In January 2017, DeepMind revealed an improved, online version of AlphaGo called Master. This online player achieved 60 straight wins in time-control games against top international players.
If you’re interested in watching many of these mates, here’s a playlist on DeepMind’s YouTube channel.
Following the summit, DeepMind revealed AlphaGo Zero. While AlphaGo learnt the game by playing thousands of matches with amateur and professional players, AlphaGo Zero learnt by playing against itself, starting from completely random play.
This powerful technique is no longer constrained by the limits of human knowledge. Instead, the computer program accumulated thousands of years of human knowledge during a period of just a few days and learned to play Go from the strongest player in the world, AlphaGo.
AlphaGo Zero quickly surpassed the performance of all previous versions and also discovered new knowledge, developing unconventional strategies and creative new moves, including those which beat the World Go Champions Lee Sedol and Ke Jie. These creative moments give us confidence that AI can be used as a positive multiplier for human ingenuity.
In late 2017, DeepMind introduced AlphaZero, a single system that taught itself from scratch how to master the games of chess, shogi, and Go, beating a world-champion program in each case.

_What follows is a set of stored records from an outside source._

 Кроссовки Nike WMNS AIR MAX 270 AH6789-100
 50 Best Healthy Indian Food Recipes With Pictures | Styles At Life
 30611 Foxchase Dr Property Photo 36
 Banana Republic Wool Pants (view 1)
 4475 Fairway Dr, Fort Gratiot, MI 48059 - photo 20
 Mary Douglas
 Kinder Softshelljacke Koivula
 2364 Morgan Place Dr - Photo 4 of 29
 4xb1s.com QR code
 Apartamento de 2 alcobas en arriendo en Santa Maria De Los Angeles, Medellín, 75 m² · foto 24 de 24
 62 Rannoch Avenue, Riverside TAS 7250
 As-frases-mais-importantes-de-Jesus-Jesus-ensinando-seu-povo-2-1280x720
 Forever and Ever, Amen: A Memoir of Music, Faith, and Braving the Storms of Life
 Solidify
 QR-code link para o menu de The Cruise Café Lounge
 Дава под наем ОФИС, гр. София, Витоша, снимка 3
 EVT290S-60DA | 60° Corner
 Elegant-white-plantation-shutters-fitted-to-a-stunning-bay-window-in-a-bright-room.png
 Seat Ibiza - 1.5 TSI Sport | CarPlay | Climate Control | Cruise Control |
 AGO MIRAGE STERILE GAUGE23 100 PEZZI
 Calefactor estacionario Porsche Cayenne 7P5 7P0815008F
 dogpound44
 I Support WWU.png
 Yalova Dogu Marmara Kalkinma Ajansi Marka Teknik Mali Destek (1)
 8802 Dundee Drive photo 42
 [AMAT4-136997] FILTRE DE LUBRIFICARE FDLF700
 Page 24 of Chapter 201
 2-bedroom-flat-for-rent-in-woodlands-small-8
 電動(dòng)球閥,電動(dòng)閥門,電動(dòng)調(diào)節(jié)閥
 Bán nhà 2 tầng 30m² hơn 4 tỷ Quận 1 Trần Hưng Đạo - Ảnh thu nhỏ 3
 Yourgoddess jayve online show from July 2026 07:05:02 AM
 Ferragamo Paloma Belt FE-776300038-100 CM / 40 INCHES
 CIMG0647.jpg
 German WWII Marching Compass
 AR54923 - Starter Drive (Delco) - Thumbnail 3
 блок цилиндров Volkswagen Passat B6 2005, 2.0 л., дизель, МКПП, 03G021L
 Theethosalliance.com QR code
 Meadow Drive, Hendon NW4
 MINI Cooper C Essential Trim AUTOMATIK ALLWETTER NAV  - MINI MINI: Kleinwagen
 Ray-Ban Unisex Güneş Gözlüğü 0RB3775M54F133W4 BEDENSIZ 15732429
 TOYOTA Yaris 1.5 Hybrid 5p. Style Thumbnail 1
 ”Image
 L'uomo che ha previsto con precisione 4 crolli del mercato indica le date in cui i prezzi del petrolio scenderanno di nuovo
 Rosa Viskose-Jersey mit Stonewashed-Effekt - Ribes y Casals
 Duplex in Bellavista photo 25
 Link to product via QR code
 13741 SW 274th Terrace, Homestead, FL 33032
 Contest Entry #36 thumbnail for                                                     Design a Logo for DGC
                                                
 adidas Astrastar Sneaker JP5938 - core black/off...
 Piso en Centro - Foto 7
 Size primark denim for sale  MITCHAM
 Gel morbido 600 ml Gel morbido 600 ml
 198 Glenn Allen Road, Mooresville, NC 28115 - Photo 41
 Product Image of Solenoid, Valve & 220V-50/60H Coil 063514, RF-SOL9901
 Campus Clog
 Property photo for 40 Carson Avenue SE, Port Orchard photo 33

AlphaZero takes a totally different approach, replacing hand-crafted rules with a deep neural network and algorithms that knew nothing beyond the basic rules. Its creative response and ability to master these three complex games, demonstrates that a single algorithm can learn how to discover new knowledge in a range of settings, and potentially, any perfect information game.
While it is still early days, AlphaZero’s encouraging results are an important step towards DeepMind’s mission of creating general-purpose learning systems that can help humans find solutions to some of the most important and complex scientific problems.